I like it to prompt me. I spend a lot of time staring at blank documents, but if a bot can throw a couple sentences at me I can get the creativity going much easier.
But the final product always ends up being 95%+ my own writing anyway. I like what the AI gives me but its form is normally pretty bland. Still useful enough that I'm subbed to Novel AI for their biggest LLM.
ChatGPT currently produces unworkable garbage if you try to get any kind of high level writing out of it. Seems a bit unnecessary to worry about "model collapse" when the models aren't actually useful yet.
https://www.youtube.com/watch?v=jmaUIyvy8E8 (warning: loud)
Basically like saving a JPEG and opening it and saving as a JPEG again x1000. You can never match the original from a lossy source applies to ideas, too, apparently.

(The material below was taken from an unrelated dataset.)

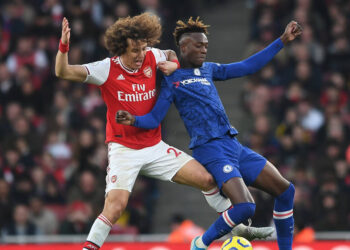 LONDON, ENGLAND - DECEMBER 29: David Luiz of Arsenal challenges Tammy Abraham of Chelsea during the Premier League match between Arsenal FC and Chelsea FC at Emirates Stadium on December 29, 2019 in London, United Kingdom. (Photo by David Price/Arsenal FC via Getty Images)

I wonder how close gpt4 and company are to having used every bit of writing in the English language as training data. Like assuming ypu downloaded the entire content of social media sites, used every e book you could find, pulled in all wikis, forums, news sites, and blogs that a web crawler could produce, the only real volume of writing that's left is private communications. At some point, Google or MS or another company with lots of communications will use every message ever sent in their systems as training data. But once you do that, you've run out.
More training data probably brings diminishing returns, so if gpt4 has already used like 10% of all available writing then maybe even with the other 90% it won't be good enough to do what people want. Maybe in the future companies will hire vast numbers of writers just to make good content that can be used for the llms.